When you meet a Force Recon Marine, you expect many things. Emotional vulnerability is not at the top of the list. But Robert Blanton is sitting behind his desk in the Warfighter Made shop in Temecula, California, describing to a virtual stranger how he was on the brink of suicide just a few short years ago.
Blanton is tall and fit, dressed in an oversized hoodie, trucker hat, shorts, and a pair of Vans sneakers. He could pass for any SoCal dad, except that his posture and demeanor reflect his 21 years of service in the military.
During this time, Blanton saw four combat deployments. In 2008, during his last combat tour, Blanton and his platoon were involved in an ambush that ultimately resulted in the elimination of an insurgent cell. As a result of his actions during that engagement, Blanton received the Silver Star, the United States military's third-highest decoration for valor in combat.

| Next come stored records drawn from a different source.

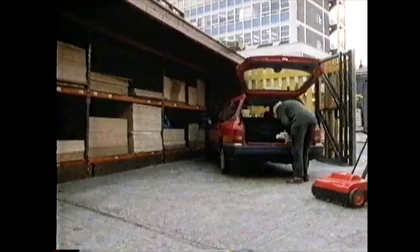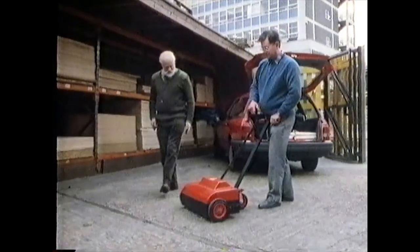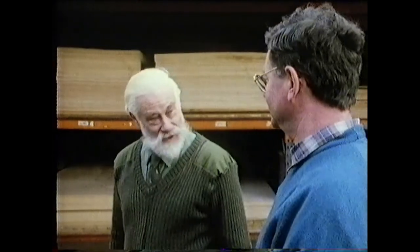Oh! That's very clever, Michael. A magnetic yard broom. Yes. What made you think of it?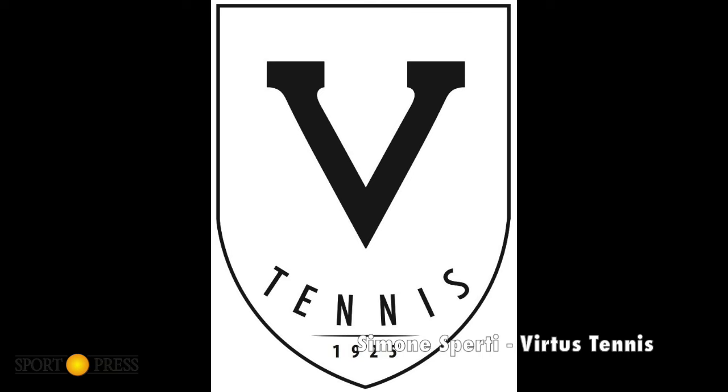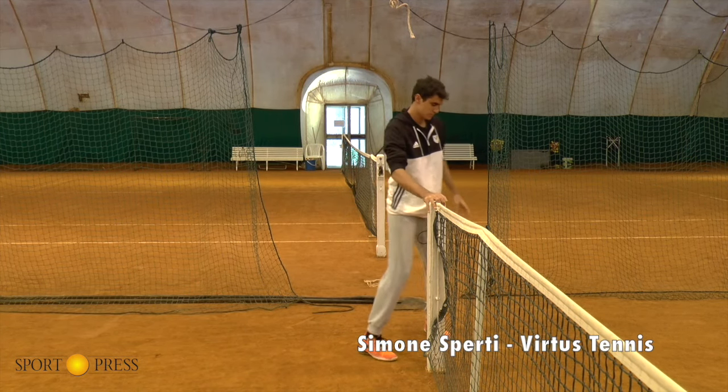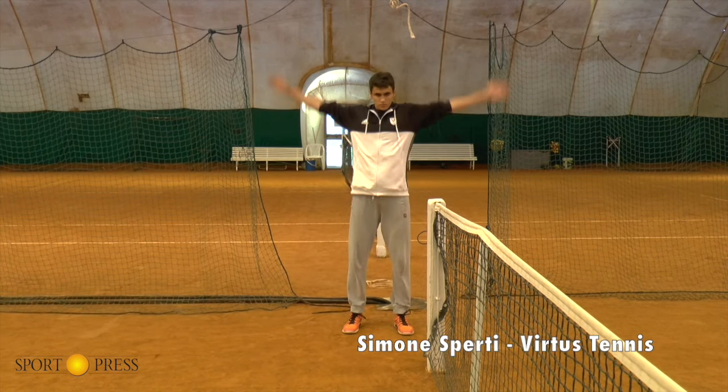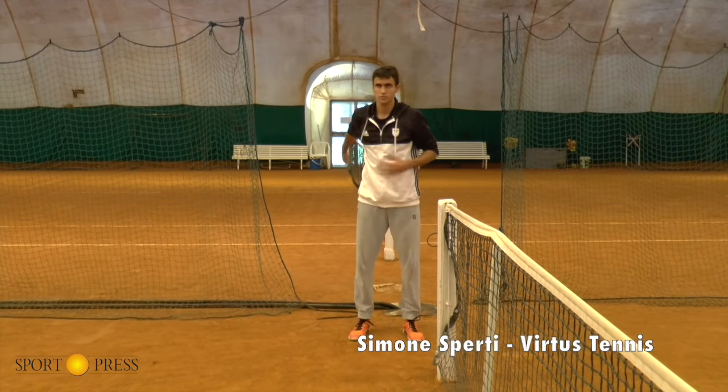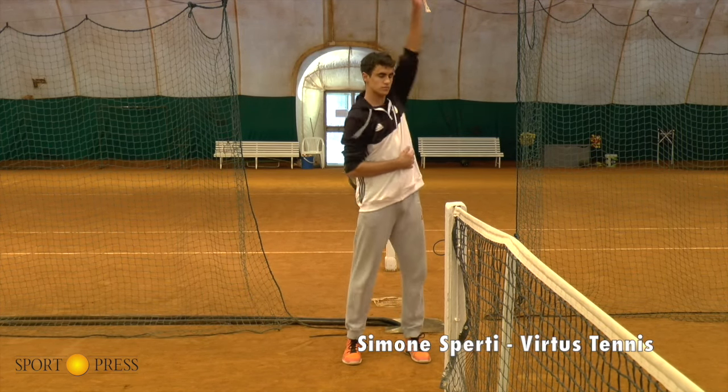Una volta eseguiti questi 5-10 minuti di riscaldamento a ritmo basso ma crescente, è arrivato il momento di effettuare la mobilità articolare: esercizi di mobilità sia per gli arti inferiori che per gli arti superiori. Oltre alla mobilità articolare, è molto importante effettuare esercizi di stretching preferibilmente dinamico e di breve durata, per eseguire movimenti elastici per i muscoli che verranno utilizzati durante la competizione.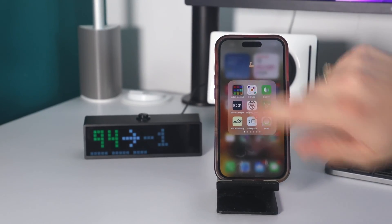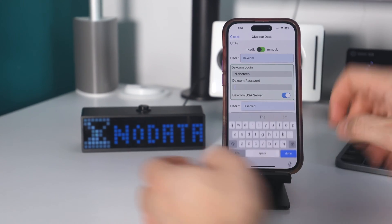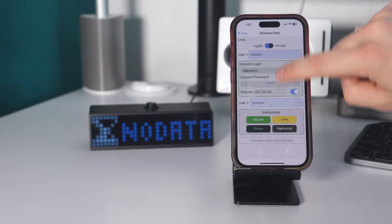Connecting the Sugar Pixel to a CGM is pretty simple. It works with Dexcom and Libre. For Dexcom, you just put in your Dexcom account and the levels will go right up there. For Libre, you have to use the Libre LinkUp app, which is the follow app for Libre. Everything is controlled and set up right on the Sugar Pixel app. On there, you can connect your CGM account and choose the measurement — milligrams per deciliter or millimoles.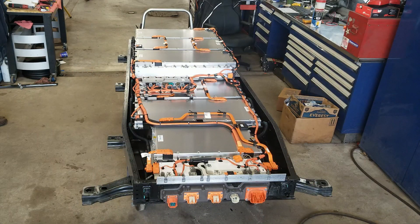Here's the battery out with the lid off of it. But before we get into the battery here, let's look at how we got here in the first place.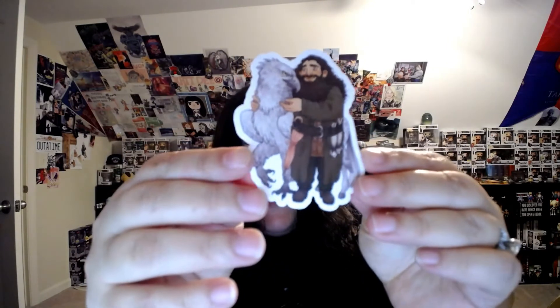And of course we have a Hagrid and Buckbeak item — I'm glad I didn't miss that, that's awesome. Maybe that bookmark had to do with the book; I'm not sure.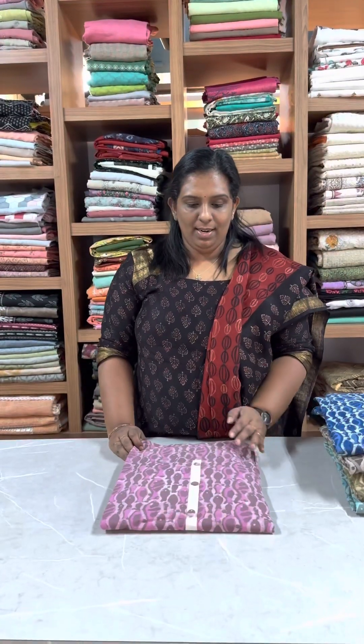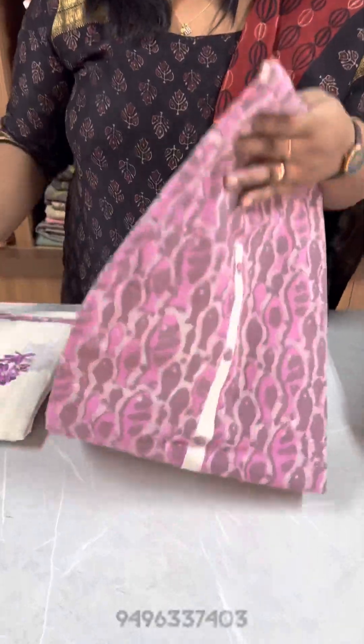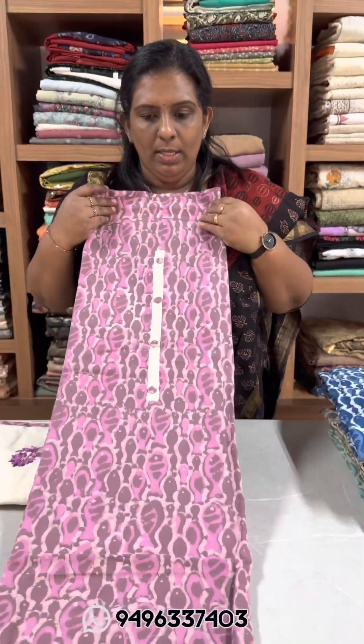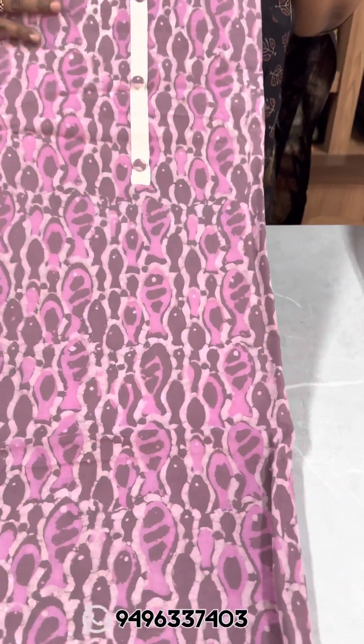This is 1650. We have a pink shade with a traditional color combination, just a print difference. In Jaipur Cotton, this is a color combination — we have a common combination. This is an off-white color with a cotton patch.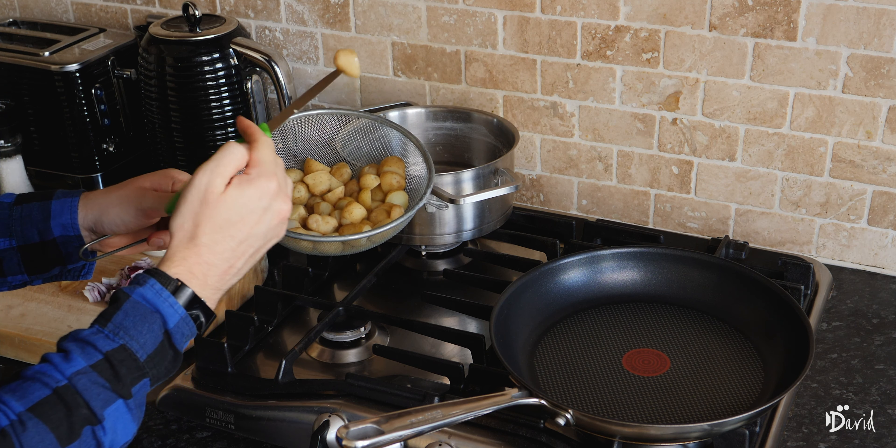Go in with your onions into the nice hot pan — you'll see it's going to sizzle away. Get the garlic in there, a few sprigs of rosemary, a bit of thyme. Give it a bit of a shake, turn it down a little bit, and go in with your potatoes. Put them all in and get all that garlic and oil that's left in your bowl in there too.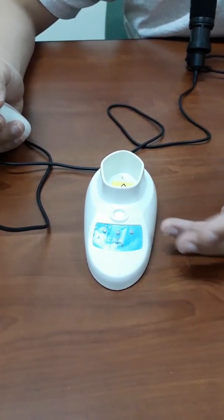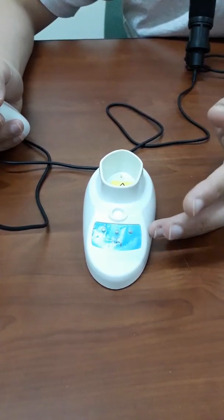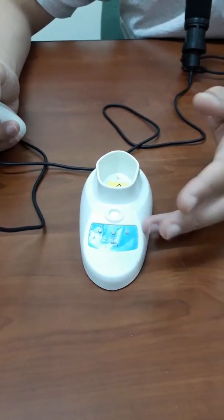So in this case, you need to contact your dealer for repair or for checking.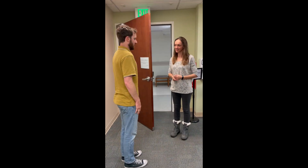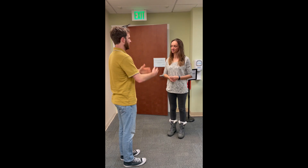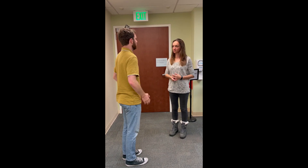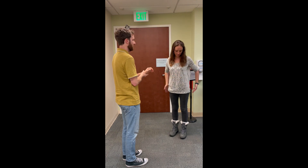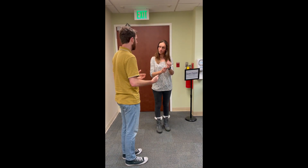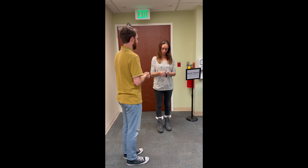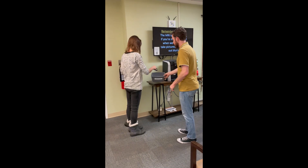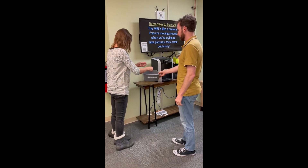Welcome to CCN. We're going to get started with your session by having you demetal in the lobby area here. We're going to ask that you remove things in your pockets, anything on your wrist, belts, watches, jewelry that you have on, so earrings and things like that. There's a bin where you can put your items if you'd like, or if you have a bag, you can place them in there as well.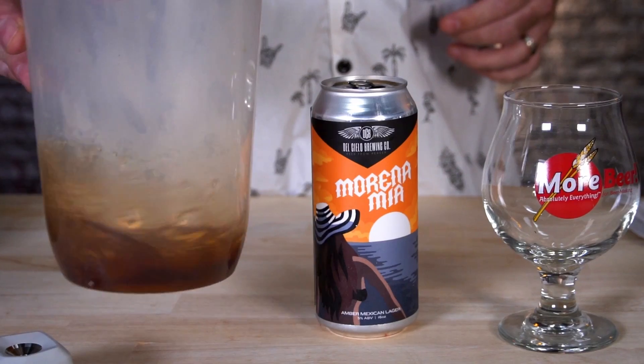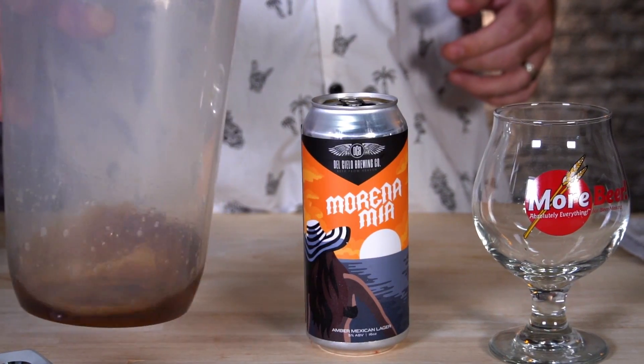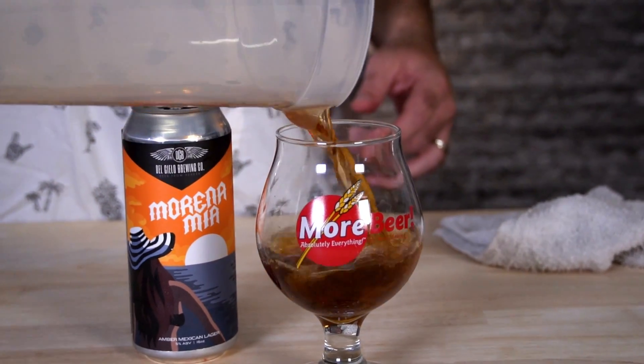The first thing we want to do with any sample, since we're going to be using the EasyDens, is degas it. So I poured this into something off to the side, shook it, and let it warm up to allow all that CO2 to escape. You want to make sure you degas whatever you're going to take a measurement of, because we're using the EasyDens as well as the SmartRef.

But his heroism came at a price, “I was also awarded a diagnosis of severe post-traumatic stress disorder and traumatic brain injury,” Blanton said. “My post-traumatic stress manifested itself into anger issues. I couldn't control my anger, and I couldn't control my adrenaline.” Blanton says. He tried to manage his PTSD by self-medicating with alcohol, then through intense therapy and medication. “But I didn't stop drinking,” he says. “One night, it came to a head: I wanted to kill myself.”
Paving the Road to Recovery
This moment proved to be a turning point for Blanton. He decided that he wanted to live and make a positive impact in the world, his way to do that? He leaned into his passion for car builds and modifications; A decision which led him to establish Warfighter Made, an organization focused on improving the lives of catastrophically wounded warfighters.
Warfighter Made supports veterans by facilitating adrenaline therapy for wounded veterans, but maybe the greatest thing they do is offer veterans their autonomy back when it was taken away. They customize vehicles so wounded warriors can get back the wheel. They started by putting veterans in the passenger seat during short course races. “It’s awesome being in the passenger seat and experiencing the controlled chaos. We thought how cool it would be if we could take those vets and put them in the driver’s seat.”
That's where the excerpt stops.